What I did
- Started services on an AlmaLinux server with
docker-compose up
- Noticed output of
docker-compose logs
wasn't changing for a while
- Check
docker-compose ps
$ docker-compose ps
Name Command State Ports
------------------------------------------------------------------------------------
mysupercoolsystem_api_1 python -m mysupercoolsyste ... Exit 137
mysupercoolsystem_dev_1 sh -c jupyter lab --ip=0.0 ... Exit 137
mysupercoolsystem_loader_1 /bin/sh -c python -m mysup ... Exit 137
mysupercoolsystem_predictor_1 /bin/sh -c python -m mysup ... Exit 137
mysupercoolsystem_trainer_1 /bin/sh -c python -m mysup ... Exit 137
$ docker ps -a # just to confirm
72708f3450 hub.nic.dk/nicecompany/mysupercoolsystem "/bin/sh -c 'python …" 2 days ago Exited (137) 2 days ago mysupercoolsystem_trainer_1
3e286cabb0 jupyter/scipy-notebook:33add21fab64 "sh -c 'jupyter lab …" 2 days ago Exited (137) 2 days ago mysupercoolsystem_dev_1
246b87f0ac hub.nic.dk/nicecompany/mysupercoolsystem "/bin/sh -c 'python …" 2 days ago Exited (137) 2 days ago mysupercoolsystem_predictor_1
7d3297092c hub.nic.dk/nicecompany/mysupercoolsystem "python -m mysuperc …" 2 days ago Exited (137) 2 days ago mysupercoolsystem_api_1
2a07851f9c hub.nic.dk/nicecompany/mysupercoolsystem "/bin/sh -c 'python …" 2 days ago Exited (137) 2 days ago mysupercoolsystem_loader_1
- Research whether containers were stopped because of out-of-memory
- Checked virtual host: The docker containers run on a single virtual (vcenter-managed) host. The host is allocated 20GB of RAM and vcenter monitor shows RAM usage peaks at ca. 8GB and not more.

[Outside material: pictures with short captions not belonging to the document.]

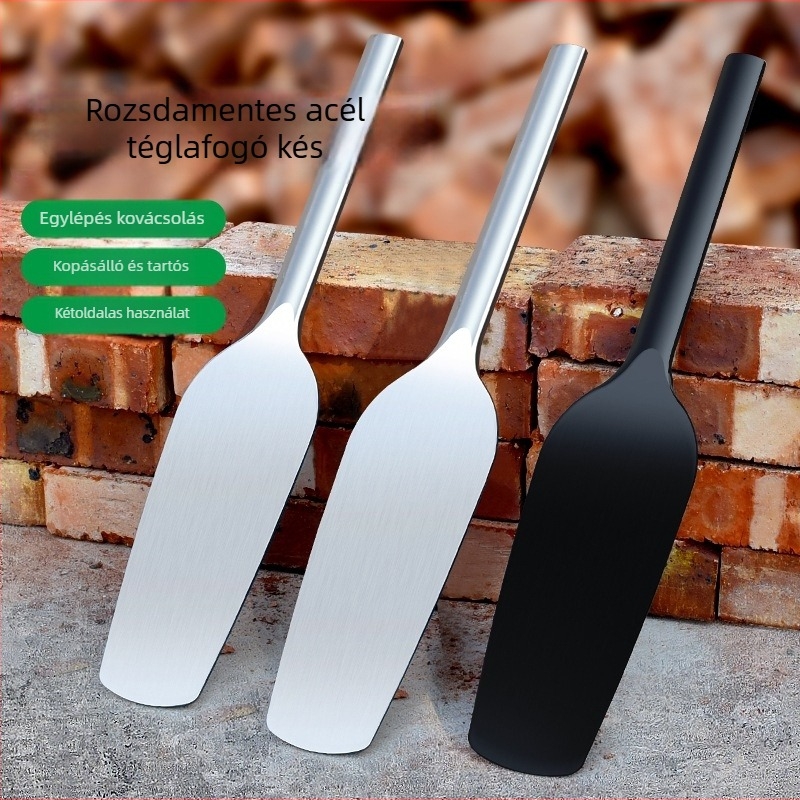 Kőműves kés mangánacél pengével, vastagított kivitel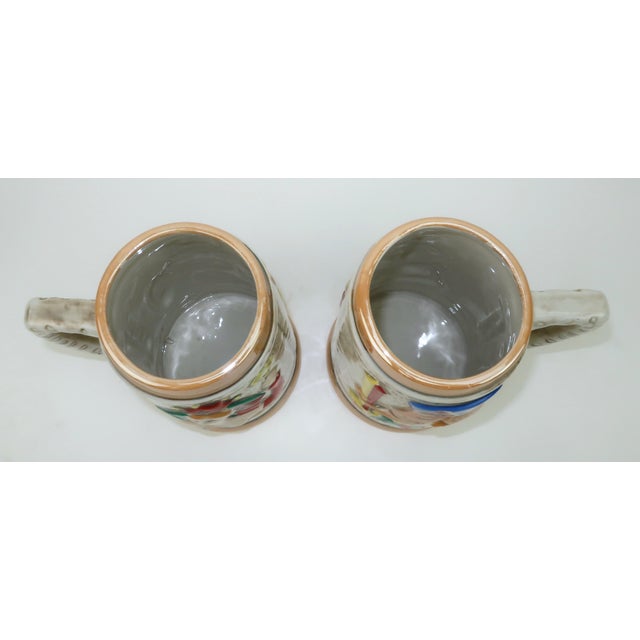 1950s Lustreware King & Queen Playing Card Beer Steins Novelty Barware, a Pair For Sale - Image 5 of 12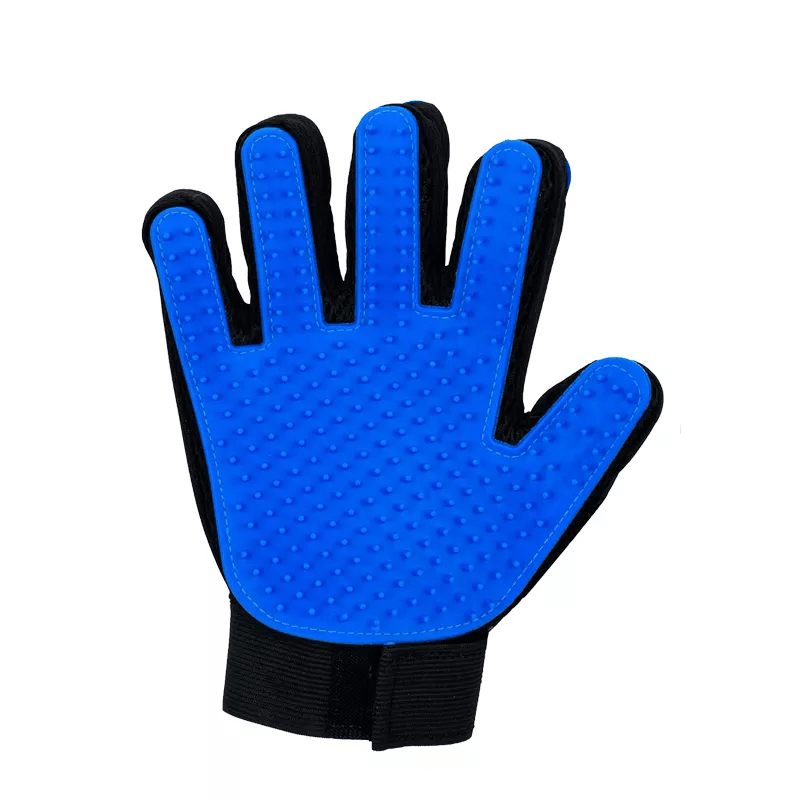 Pet Grooming Gloves Gentle Deshedding Brush Glove Accessories for Dogs and Cats, Polyester Material, Uncharged Power Mode - Ideal for Easy Fur Removal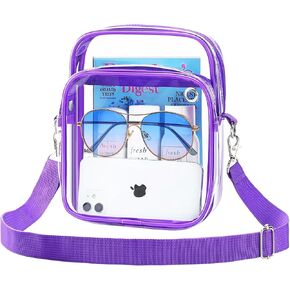 Mossio Clear Crossbody Bag Stadium Approved for Women Men, Transparent Messenger Bag for Work Travel Concert Sport Event in Kuwait
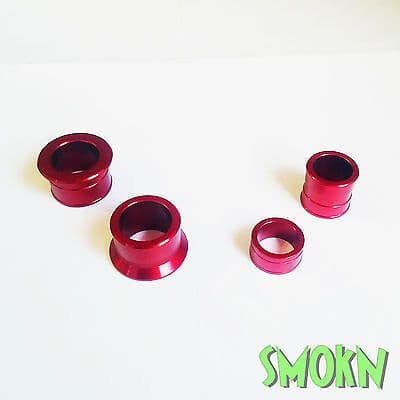 Honda Wheel Spacers CR 125 250 02-07 CRF 250 450 R 02-23 Apico Front & Rear Red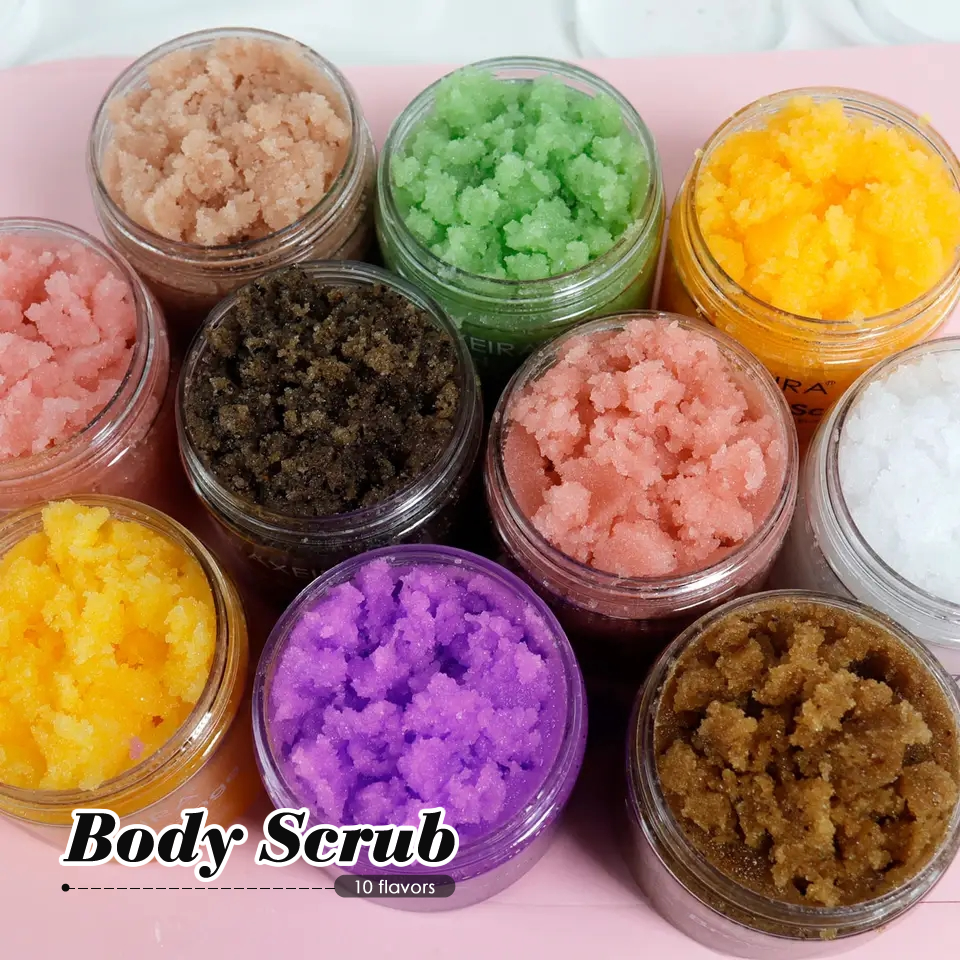 Wholesale Private Label All Natural Skin Care Exfoliating Whitening Matcha Green Tea Body Scrub 250g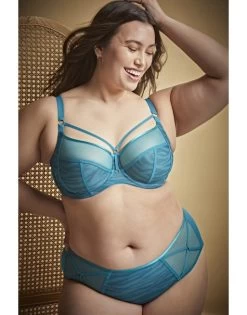 Sculptresse Dionne BH Grote Cupmaat DD Tot K / T. 80-105 - Teal Animal - 9695 -Lingerie Kortingswinkel sculptresse dionne bh grote cupmaat dd tot k t 80 105 teal animal 9695 3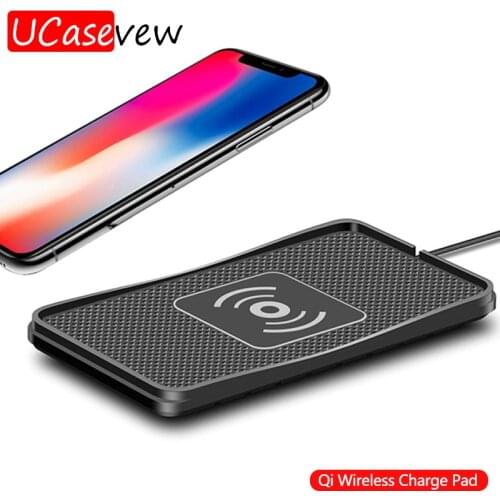 Qi Wireless Charger Pad Non Slip Silicone Mat 10W Wireless Fast Car Charging for Samsung iPhone Huawei Xiaomi Chargers Dock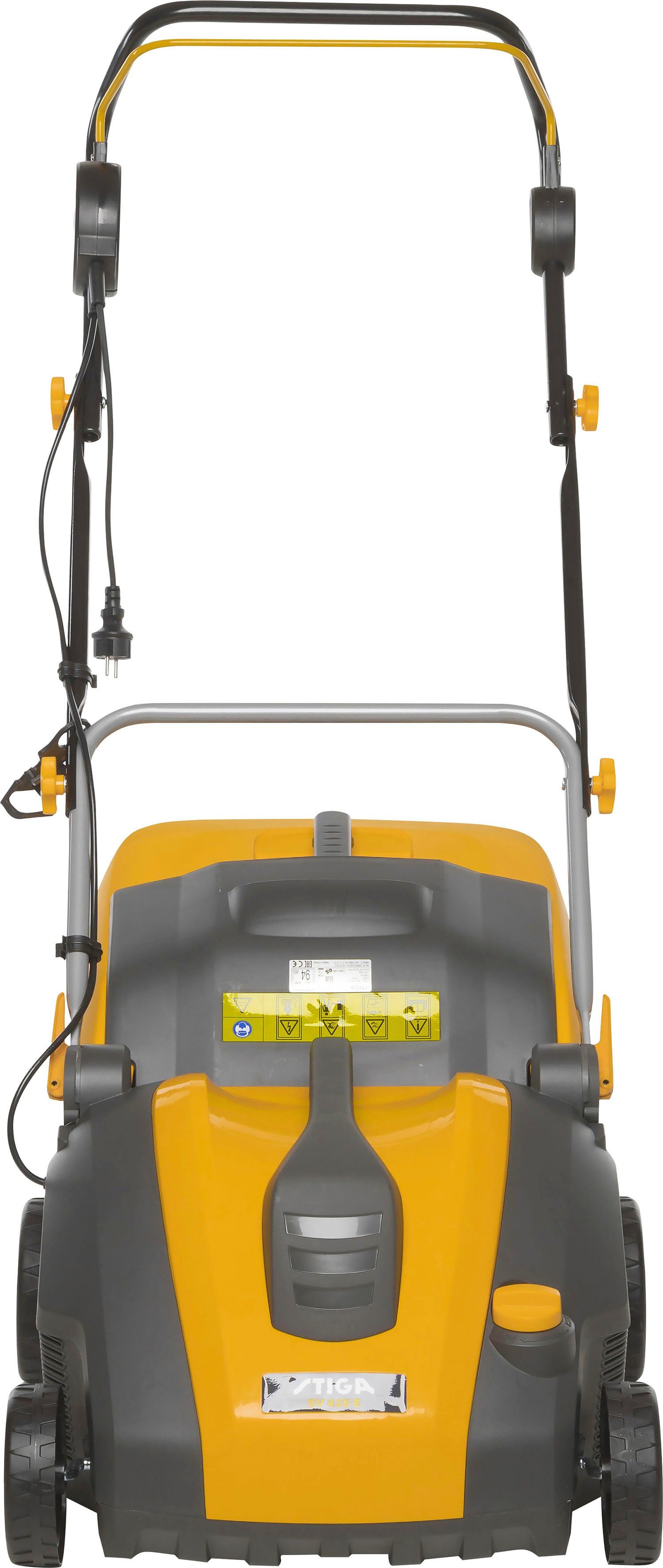 STIGA GARDEN Elektro-Vertikutierer SV 415 E, 38 cm Arbeitsbreite, 2-in-1: Vertikutierer und Rasenlüfter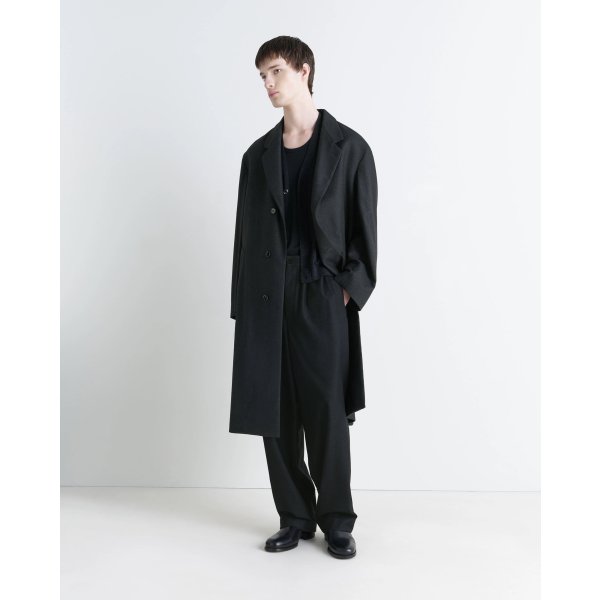 画像2: 【LEMAIRE(ルメール)】SOFT CHESTERFIELD COAT/ ANTHRACITE×GREY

- Follow-up: Talked to sysadmin: Servers were not restarted or explicitly asked to terminate any processes.
docker info | grep Memory
returns Total Memory: 19.37GiB
- checked each container with
docker inspect <container_id>
gives the same "State"
, apart from the field "FinishedAt"
which varies with ±0.05
seconds.
"State": {
"Status": "exited",
"Running": false,
"Paused": false,
"Restarting": false,
"OOMKilled": false,
"Dead": false,
"Pid": 0,
"ExitCode": 137,
"Error": "",
"StartedAt": "2021-11-13T10:33:04.785566471Z",
"FinishedAt": "2021-11-13T10:33:57.1xxxxZ"
- Re-examined my
docker-compose.yml
.
$ cat docker-compose.yml
version: "3"
services:
dev:
image: jupyter/scipy-notebook:33add21fab64
environment:
- COMPONENT=develop
volumes:
- /opt/mysupercoolsystem:/home/jovyan/work
- /media:/media
ports:
- "3333:3333"
entrypoint: sh -c "jupyter lab --ip=0.0.0.0 --port=3333 --no-browser --allow-root"
loader:
image: hub.nic.com/nicecompany/mysupercoolsystem
working_dir: "/app"
volumes:
- /media:/media
trainer:
image: hub.nic.dk/nicecompany/mysupercoolsystem
environment:
- COMPONENT=train
working_dir: "/app"
volumes:
- models:/models
predictor:
image: hub.nic.dk/nicecompany/mysupercoolsystem
environment:
- COMPONENT=pred
working_dir: "/app"
volumes:
- models:/models
api:
image: hub.nic.dk/nicecompany/mysupercoolsystem
environment:
- COMPONENT=api
working_dir: "/app"
ports:
- "69:69"
entrypoint: python -m mysupercoolsystem.web_api
volumes:
models:
- Examine
Dockerfile
. Note: Services that do not have an explicit entrypoint in docker-compose.yml
inherit the entrypoint from the Dockerfile
.
$ cat mysupercoolsystem/Dockerfile
FROM python:3.8
WORKDIR /app
COPY ./requirements.txt /app/requirements.txt
RUN pip install -r requirements.txt
COPY . /app
RUN pip install .
ENTRYPOINT python -m mysupercoolsystem
- Checked similair issue (this issue had
--abort-on-container-exit
-flag as the culprit. I am not using any flags).
How to proceed
- Why are the services exiting?
- What can I do to troubleshoot the error?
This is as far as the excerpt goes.